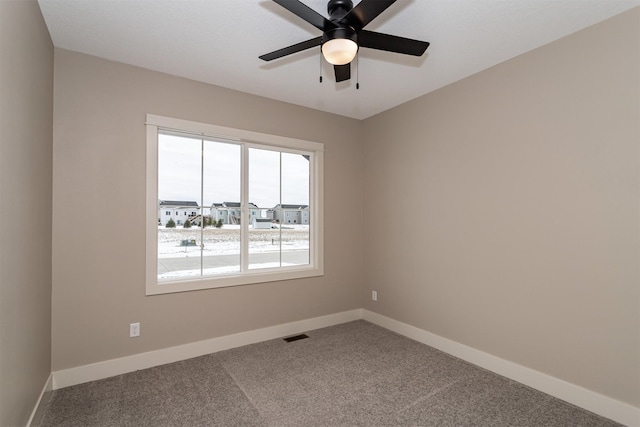 carpeted empty room featuring ceiling fan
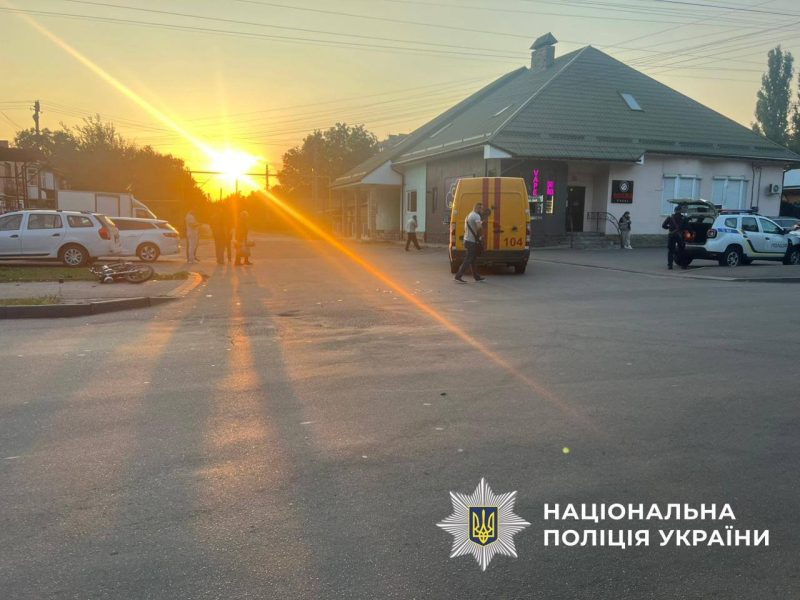 ДТП з травмованим: на Сумщині водій Рено в&rsquo;їхав у мопед, яким керував 17-річний хлопець
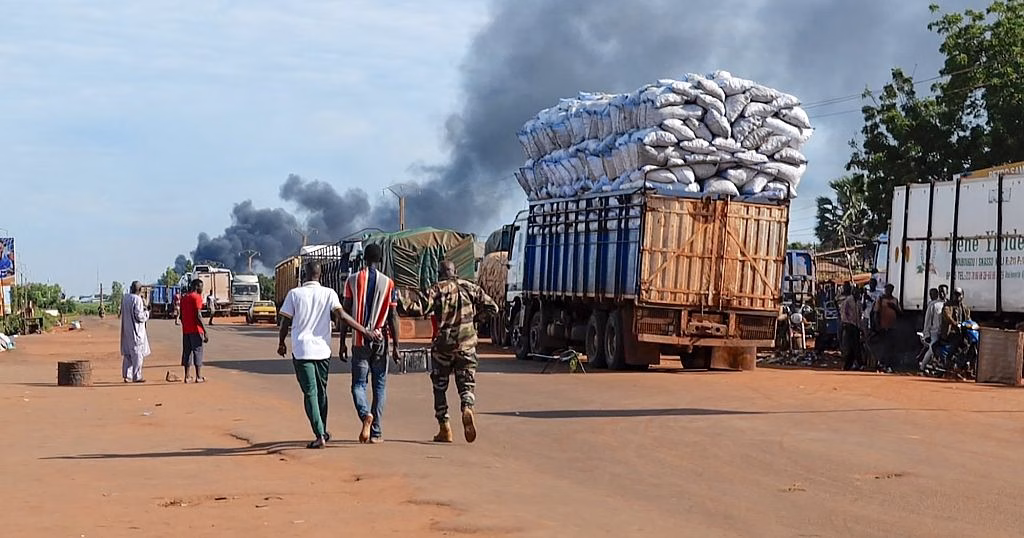 Mali: Army foils attack in Timbuktu, a day after jihadist assault killed 30 soldiers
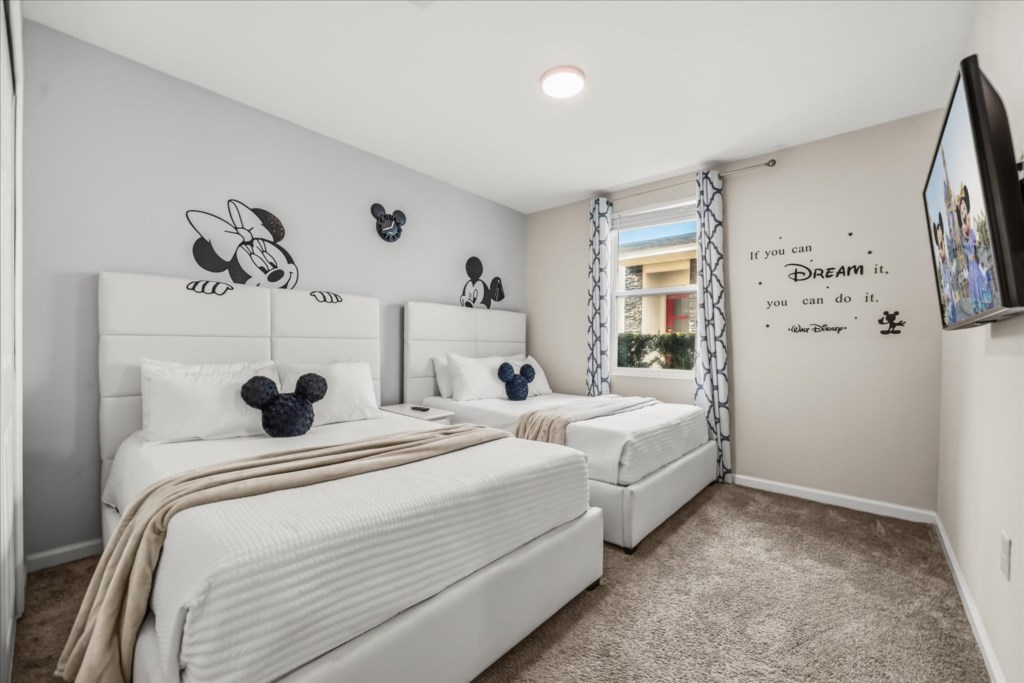 2 bedroom vacation townhouse at Champions Gate - Image 14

* _TASK ITEM_
Leave the pictures out and return the rest of the listing exactly.

* _EXERCISE ANSWER_
 carpeted empty room featuring ceiling fan
 ДТП з травмованим: на Сумщині водій Рено в&rsquo;їхав у мопед, яким керував 17-річний хлопець
 Mali: Army foils attack in Timbuktu, a day after jihadist assault killed 30 soldiers
 2 bedroom vacation townhouse at Champions Gate - Image 14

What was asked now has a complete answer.